İkicanlı ilgiyle onun ağzına bakıyordu. Öksürdü.
“Aden,” dedi Kaptan, yavaşça ve açık bir teleffuzla.
İkicanlı birkaç kez öksürdü.
“Konuşamıyor,” dedi Kaptan, meslekdaşlarına dönerek. “Bu kesin.”
Ne yapacaklarını bilmeksizin öylece dikiliyorlardı. İkicanlı kıpırdadı. Tebeşiri düşürdü. Bir kilidin açılmasına benzer bir ses duydular sonra; kahverengi madde, tepeden aşağıya kadar yarılmış gibi bölündü ve geniş bir altın kayış gördüler.
Kayış metal yaprağı gibi hışırdayarak çözüldü. İkicanlının küçük gövdesi olabildiğince öteye uzandı, sanki büyük gövdeden dışarı adım atacakmış gibiydi ve hemen hemen iki büklüm bir duruma gelerek parmaklarıyla metal yaprağı yakaladı. Kayış çözülüp açık bir levha halini alınca, adamlara, ikram ediyor gibi, uzattı. Kaptan ve Mühendis aynı anda yanına gittiler ve ikisi de geriye sıçradı. Mühendis ufak bir çığlık attı. İkicanlı şaşırmış görünüyordu, defalarca öksürdü ve saydam koruyucu yüzünde iki yana sallandı.

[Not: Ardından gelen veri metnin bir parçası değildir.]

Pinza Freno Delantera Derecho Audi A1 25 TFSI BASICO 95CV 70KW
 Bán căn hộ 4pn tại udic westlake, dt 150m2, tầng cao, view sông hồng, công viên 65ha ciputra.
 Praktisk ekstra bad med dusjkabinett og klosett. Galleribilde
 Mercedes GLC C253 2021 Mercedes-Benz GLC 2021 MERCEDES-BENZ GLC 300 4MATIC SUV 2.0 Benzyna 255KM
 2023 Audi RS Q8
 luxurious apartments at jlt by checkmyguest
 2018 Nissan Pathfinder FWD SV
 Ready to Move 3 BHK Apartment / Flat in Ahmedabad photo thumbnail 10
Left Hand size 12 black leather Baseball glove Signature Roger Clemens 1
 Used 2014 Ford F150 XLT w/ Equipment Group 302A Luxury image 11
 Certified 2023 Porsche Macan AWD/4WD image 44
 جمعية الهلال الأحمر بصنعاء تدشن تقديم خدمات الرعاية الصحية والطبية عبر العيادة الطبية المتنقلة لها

“Elektrik yüklü, ama çok güçlü değil,” diye açıkladı Kaptan diğerlerine, sonra ikinci kez yaklaştı. İkicanlı metal yaprağı bıraktı. Işıkta, altın yüzeyi incelediler: Tamamen düz ve pürüzsüzdü. Kaptan rastgele bir noktaya tekrar dokundu ve bir kez daha hafif bir elektrik şoku hissetti.
“Ne bu böyle?!” diye homurdandı Fizikçi ve elini yaprağın üstünde gezdirmeye başladı. Elektrik şokları parmaklarını titretiyordu. “Bana biraz toz grafit verin!” dedi, “Cam dolapta var!”
Yaprağı masaya yaydı, elinin titremesine aldırmadan, Sibernetikçi’nin verdiği grafiti yaprağın üstüne serpti ve fazlasını üfledi.
Altın yüzeyde rastgele dağılmış minik, siyah benekler vardı.
“Lacerta!” diye bağırdı Kaptan ansızın.
“Alpha Cygni!”
“Lyra!”
“Cepheus!”
Onları sakin bir şekilde izleyen İkicanlıya döndüler. Yaratığın gözlerinde zafer pırıltıları vardı.
“Bir yıldız haritası!” dedi Mühendis.
“Nihayet kendimizi evimizde hissediyoruz.” Kaptan’ın gülen dudaklarının arasından dişleri görünüyordu. İkicanlı öksürdü.